╔══

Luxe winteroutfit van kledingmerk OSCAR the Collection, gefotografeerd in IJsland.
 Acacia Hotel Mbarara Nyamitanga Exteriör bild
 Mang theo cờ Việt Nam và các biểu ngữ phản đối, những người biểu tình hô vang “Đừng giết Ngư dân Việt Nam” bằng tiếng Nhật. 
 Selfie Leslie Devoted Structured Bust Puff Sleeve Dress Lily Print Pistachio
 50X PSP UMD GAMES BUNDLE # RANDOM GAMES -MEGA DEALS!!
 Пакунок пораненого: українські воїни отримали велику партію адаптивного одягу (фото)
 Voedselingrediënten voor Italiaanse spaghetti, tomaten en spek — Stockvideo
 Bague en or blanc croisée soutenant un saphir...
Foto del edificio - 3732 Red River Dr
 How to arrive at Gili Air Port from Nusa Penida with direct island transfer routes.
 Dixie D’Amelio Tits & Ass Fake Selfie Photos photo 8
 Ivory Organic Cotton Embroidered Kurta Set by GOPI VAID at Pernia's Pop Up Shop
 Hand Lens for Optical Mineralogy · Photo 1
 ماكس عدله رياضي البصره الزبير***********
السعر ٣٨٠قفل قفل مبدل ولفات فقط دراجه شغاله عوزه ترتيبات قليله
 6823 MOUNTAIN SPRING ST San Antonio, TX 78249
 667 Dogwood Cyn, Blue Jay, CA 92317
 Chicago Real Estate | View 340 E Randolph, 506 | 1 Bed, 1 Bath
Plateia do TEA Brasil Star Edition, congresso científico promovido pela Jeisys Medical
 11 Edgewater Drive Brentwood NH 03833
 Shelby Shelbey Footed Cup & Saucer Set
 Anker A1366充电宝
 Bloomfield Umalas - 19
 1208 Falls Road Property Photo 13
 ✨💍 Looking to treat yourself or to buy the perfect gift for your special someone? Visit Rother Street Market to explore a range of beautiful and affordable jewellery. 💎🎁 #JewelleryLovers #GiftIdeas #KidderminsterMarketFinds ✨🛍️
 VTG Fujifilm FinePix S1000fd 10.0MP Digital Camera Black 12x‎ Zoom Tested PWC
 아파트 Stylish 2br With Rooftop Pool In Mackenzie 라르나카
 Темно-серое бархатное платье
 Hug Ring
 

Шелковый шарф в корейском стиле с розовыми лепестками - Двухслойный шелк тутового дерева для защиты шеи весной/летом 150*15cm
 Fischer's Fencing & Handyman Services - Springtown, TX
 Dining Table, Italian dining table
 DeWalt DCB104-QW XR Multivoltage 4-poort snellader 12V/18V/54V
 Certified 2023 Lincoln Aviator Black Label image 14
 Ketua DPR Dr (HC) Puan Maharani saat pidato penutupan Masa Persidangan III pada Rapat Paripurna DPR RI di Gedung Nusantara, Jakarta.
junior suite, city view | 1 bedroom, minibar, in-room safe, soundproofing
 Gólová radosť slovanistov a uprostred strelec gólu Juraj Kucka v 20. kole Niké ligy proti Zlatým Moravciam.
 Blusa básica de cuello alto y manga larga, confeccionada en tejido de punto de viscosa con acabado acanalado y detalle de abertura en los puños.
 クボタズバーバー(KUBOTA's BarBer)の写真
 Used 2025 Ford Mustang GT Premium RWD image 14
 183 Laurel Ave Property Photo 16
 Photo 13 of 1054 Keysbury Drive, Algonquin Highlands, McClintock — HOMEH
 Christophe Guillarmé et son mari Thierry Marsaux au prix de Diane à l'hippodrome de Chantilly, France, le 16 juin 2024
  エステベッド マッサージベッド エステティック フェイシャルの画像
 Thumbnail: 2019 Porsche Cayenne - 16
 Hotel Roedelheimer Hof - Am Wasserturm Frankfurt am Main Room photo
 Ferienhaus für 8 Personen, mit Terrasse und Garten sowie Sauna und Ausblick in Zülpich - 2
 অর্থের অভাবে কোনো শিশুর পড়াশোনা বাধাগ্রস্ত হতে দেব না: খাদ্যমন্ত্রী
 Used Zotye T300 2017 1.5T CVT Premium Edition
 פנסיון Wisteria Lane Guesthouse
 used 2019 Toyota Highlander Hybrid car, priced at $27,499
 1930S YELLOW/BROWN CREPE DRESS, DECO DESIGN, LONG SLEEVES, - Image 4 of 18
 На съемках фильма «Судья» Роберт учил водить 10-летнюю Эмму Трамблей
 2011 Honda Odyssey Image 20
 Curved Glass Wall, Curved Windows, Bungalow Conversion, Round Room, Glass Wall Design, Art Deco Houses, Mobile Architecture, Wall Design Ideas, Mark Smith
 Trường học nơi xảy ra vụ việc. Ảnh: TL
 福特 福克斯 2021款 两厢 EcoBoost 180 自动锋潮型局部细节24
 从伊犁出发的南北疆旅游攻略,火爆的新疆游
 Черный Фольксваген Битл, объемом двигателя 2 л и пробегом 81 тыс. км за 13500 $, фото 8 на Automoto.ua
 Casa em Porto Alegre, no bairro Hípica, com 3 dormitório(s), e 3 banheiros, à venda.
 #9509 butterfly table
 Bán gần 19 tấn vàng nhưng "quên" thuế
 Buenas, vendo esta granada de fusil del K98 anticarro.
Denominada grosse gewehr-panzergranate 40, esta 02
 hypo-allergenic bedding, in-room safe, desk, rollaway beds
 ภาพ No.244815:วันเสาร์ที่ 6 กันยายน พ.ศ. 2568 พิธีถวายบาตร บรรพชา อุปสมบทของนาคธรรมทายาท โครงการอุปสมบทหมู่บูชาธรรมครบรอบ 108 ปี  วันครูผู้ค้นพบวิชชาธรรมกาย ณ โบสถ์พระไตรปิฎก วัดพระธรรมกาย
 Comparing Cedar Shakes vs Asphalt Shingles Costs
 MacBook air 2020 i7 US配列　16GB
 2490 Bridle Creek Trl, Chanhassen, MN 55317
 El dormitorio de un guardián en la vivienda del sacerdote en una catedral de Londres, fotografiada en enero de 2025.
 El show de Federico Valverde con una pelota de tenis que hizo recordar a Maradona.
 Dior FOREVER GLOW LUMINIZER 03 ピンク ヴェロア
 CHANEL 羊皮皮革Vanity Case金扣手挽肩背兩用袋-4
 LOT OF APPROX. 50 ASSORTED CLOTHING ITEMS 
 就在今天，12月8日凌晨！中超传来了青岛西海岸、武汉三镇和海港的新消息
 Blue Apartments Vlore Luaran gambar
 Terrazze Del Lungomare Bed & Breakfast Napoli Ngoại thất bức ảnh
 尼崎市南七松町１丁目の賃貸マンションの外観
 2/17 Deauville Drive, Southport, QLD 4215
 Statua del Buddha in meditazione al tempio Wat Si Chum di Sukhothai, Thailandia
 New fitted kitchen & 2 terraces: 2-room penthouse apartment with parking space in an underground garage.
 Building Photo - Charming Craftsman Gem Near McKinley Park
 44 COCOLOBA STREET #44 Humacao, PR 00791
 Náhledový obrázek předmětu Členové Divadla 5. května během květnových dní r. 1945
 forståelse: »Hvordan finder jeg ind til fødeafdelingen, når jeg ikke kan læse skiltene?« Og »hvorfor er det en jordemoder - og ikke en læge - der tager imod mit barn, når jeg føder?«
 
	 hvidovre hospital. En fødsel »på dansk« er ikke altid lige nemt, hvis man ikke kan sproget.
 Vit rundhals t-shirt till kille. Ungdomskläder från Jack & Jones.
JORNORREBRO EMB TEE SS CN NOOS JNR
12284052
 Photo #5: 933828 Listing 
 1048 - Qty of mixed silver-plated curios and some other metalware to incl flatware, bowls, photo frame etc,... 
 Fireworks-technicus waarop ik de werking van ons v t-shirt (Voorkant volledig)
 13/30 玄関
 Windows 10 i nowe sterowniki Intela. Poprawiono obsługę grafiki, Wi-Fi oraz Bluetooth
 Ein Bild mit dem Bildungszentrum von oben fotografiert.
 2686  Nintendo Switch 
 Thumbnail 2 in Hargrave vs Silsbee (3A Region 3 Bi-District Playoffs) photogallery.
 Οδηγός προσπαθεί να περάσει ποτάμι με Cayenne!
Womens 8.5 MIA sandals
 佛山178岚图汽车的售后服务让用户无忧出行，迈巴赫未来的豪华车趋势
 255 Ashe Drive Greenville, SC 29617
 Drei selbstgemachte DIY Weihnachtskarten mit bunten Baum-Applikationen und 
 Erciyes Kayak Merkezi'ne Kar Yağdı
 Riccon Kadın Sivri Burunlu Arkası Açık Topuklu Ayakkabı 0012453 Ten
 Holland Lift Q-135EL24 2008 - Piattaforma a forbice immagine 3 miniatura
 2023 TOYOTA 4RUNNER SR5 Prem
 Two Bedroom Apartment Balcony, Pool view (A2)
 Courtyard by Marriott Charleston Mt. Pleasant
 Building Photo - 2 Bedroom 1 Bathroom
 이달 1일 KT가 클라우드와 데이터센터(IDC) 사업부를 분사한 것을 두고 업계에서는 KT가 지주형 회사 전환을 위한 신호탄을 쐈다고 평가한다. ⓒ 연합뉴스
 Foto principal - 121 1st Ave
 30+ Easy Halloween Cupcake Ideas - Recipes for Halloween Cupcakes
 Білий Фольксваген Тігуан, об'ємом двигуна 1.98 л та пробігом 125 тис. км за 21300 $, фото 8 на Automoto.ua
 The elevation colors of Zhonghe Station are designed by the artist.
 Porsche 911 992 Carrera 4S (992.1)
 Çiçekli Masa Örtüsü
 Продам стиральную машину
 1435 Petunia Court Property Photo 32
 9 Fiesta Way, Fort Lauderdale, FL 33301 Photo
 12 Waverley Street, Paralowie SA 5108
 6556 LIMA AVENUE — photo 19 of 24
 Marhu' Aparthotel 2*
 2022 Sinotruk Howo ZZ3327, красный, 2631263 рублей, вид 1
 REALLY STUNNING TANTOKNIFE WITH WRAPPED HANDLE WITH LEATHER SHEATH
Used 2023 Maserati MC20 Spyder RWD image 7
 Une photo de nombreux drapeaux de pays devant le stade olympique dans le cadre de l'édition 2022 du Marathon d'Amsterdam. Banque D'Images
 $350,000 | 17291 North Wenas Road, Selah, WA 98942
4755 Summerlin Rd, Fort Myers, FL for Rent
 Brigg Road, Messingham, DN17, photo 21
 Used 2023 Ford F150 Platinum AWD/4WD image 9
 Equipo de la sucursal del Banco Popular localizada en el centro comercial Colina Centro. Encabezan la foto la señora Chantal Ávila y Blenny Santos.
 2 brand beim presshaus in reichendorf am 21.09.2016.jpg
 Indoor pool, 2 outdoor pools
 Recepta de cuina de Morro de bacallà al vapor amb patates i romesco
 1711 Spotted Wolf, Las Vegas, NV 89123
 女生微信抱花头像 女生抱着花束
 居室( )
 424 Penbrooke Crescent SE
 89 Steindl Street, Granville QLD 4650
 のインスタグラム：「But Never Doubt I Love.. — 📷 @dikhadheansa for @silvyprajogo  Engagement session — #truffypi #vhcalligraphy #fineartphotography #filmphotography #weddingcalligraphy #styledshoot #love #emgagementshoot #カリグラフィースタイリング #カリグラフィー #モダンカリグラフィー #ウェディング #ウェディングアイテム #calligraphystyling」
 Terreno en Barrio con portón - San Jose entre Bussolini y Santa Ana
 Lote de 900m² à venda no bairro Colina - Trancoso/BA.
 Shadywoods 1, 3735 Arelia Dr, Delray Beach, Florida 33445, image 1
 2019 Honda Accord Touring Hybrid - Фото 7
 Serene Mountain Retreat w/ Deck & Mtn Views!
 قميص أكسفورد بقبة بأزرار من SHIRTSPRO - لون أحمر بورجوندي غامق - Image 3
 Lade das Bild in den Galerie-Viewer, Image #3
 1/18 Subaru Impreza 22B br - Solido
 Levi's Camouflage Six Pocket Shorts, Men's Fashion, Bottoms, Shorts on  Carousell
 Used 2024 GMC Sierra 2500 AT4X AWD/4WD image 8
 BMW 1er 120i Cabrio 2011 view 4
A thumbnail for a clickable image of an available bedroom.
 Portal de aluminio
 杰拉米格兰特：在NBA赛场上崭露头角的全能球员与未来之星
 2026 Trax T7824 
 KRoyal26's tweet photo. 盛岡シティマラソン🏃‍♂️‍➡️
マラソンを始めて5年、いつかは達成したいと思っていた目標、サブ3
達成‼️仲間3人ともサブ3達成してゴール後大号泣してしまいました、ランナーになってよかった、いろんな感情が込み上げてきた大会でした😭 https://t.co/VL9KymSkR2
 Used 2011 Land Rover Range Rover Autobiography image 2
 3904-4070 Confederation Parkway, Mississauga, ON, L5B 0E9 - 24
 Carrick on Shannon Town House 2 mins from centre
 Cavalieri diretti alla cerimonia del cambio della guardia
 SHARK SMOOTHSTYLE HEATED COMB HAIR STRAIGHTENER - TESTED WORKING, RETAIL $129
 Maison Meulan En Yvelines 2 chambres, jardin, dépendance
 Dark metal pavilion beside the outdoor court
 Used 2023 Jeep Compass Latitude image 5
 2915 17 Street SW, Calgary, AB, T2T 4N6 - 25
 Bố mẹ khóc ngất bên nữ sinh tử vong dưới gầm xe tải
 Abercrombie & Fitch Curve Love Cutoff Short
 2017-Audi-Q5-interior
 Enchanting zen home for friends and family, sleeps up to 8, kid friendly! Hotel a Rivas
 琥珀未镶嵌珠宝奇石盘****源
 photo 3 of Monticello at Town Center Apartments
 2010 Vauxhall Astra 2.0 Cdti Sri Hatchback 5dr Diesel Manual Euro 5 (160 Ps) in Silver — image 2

╚══

→ **PROBLEM DETAILS**
Every line above from the line with "REALLY STUNNING TANTOKNIFE" to the line with "89 Steindl Street, Granville QLD 4650", both included, must be reproduced exactly, and no other line may appear.

→ **REPLY**
 REALLY STUNNING TANTOKNIFE WITH WRAPPED HANDLE WITH LEATHER SHEATH
Used 2023 Maserati MC20 Spyder RWD image 7
 Une photo de nombreux drapeaux de pays devant le stade olympique dans le cadre de l'édition 2022 du Marathon d'Amsterdam. Banque D'Images
 $350,000 | 17291 North Wenas Road, Selah, WA 98942
4755 Summerlin Rd, Fort Myers, FL for Rent
 Brigg Road, Messingham, DN17, photo 21
 Used 2023 Ford F150 Platinum AWD/4WD image 9
 Equipo de la sucursal del Banco Popular localizada en el centro comercial Colina Centro. Encabezan la foto la señora Chantal Ávila y Blenny Santos.
 2 brand beim presshaus in reichendorf am 21.09.2016.jpg
 Indoor pool, 2 outdoor pools
 Recepta de cuina de Morro de bacallà al vapor amb patates i romesco
 1711 Spotted Wolf, Las Vegas, NV 89123
 女生微信抱花头像 女生抱着花束
 居室( )
 424 Penbrooke Crescent SE
 89 Steindl Street, Granville QLD 4650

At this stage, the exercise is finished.